Captioned web image data:
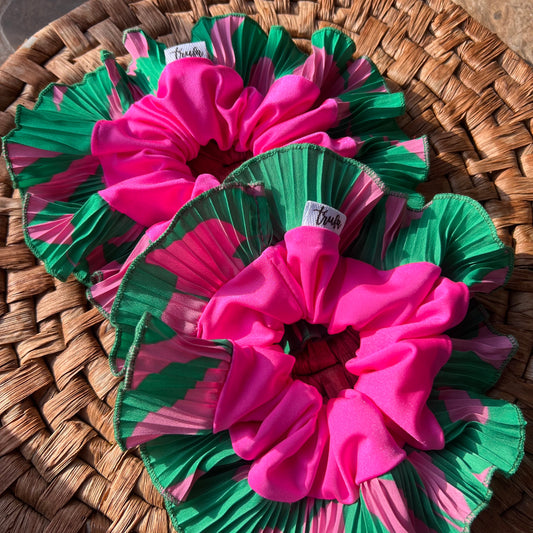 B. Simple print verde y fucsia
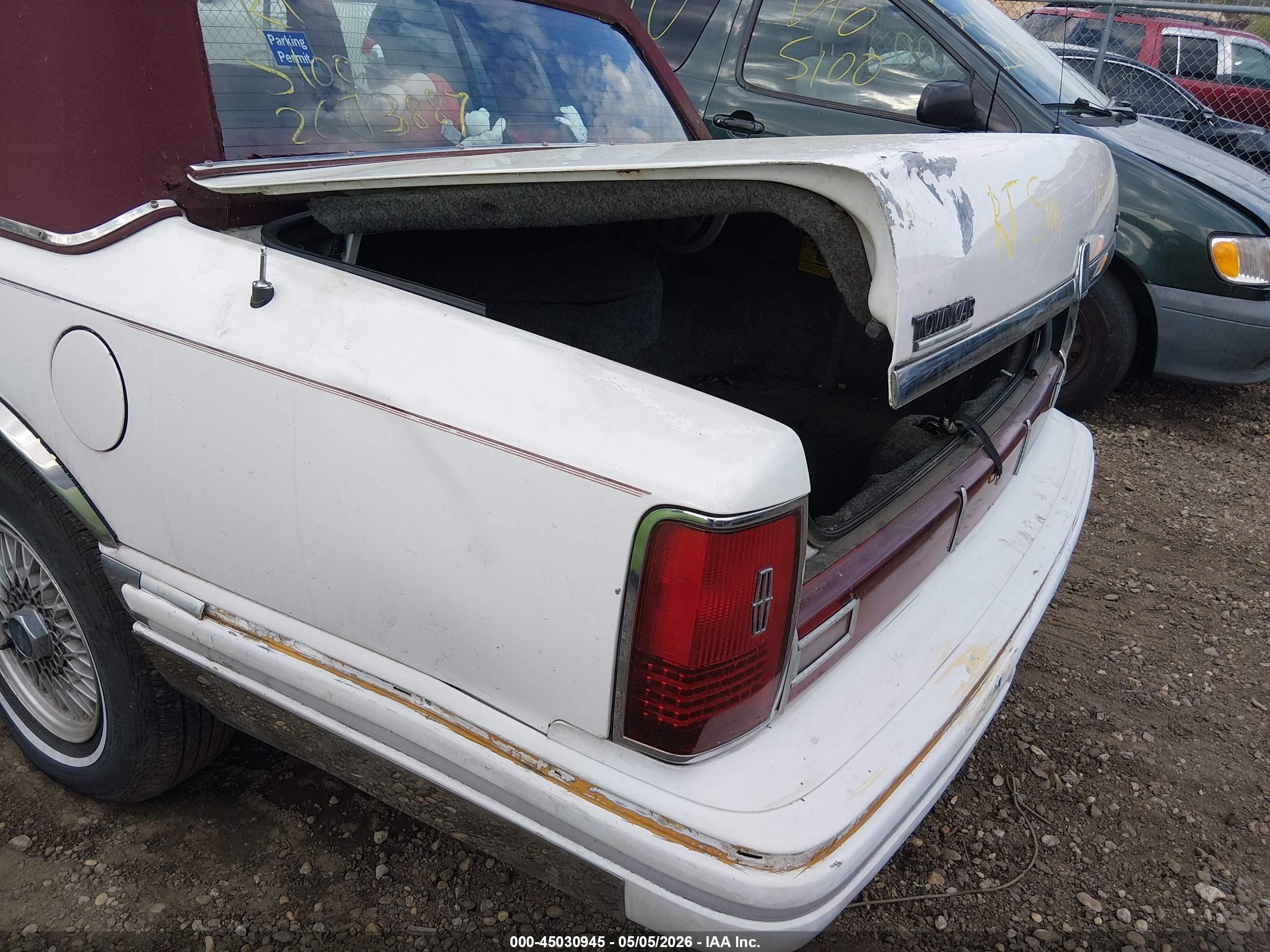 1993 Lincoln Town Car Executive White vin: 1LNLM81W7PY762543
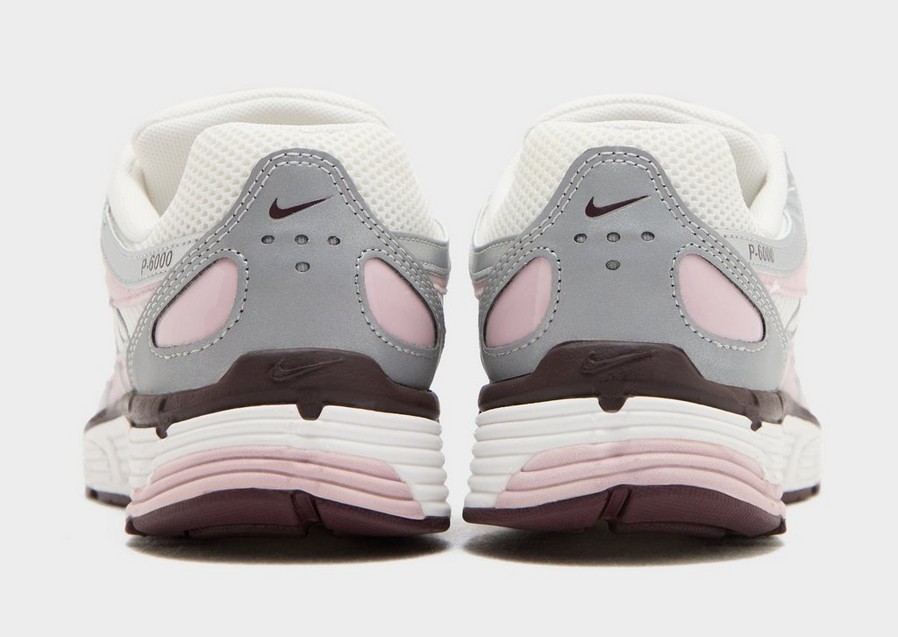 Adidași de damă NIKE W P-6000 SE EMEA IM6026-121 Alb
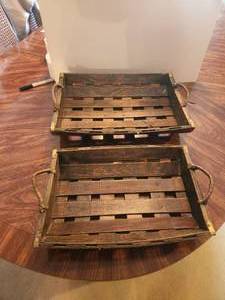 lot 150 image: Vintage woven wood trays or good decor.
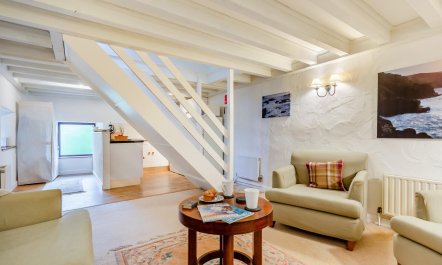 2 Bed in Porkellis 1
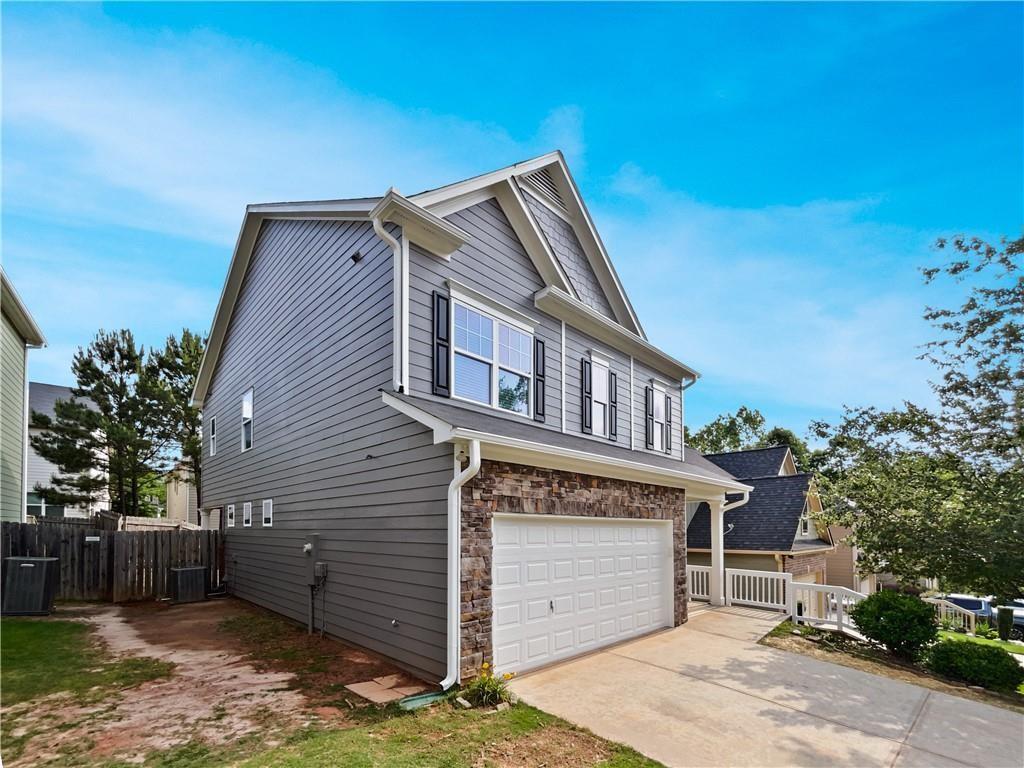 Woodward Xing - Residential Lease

_Required action_:
Leaving out any images, restate every record word for word.

_Response to this task_:
 B. Simple print verde y fucsia
 1993 Lincoln Town Car Executive White vin: 1LNLM81W7PY762543
 Adidași de damă NIKE W P-6000 SE EMEA IM6026-121 Alb
 lot 150 image: Vintage woven wood trays or good decor.
 2 Bed in Porkellis 1
 Woodward Xing - Residential Lease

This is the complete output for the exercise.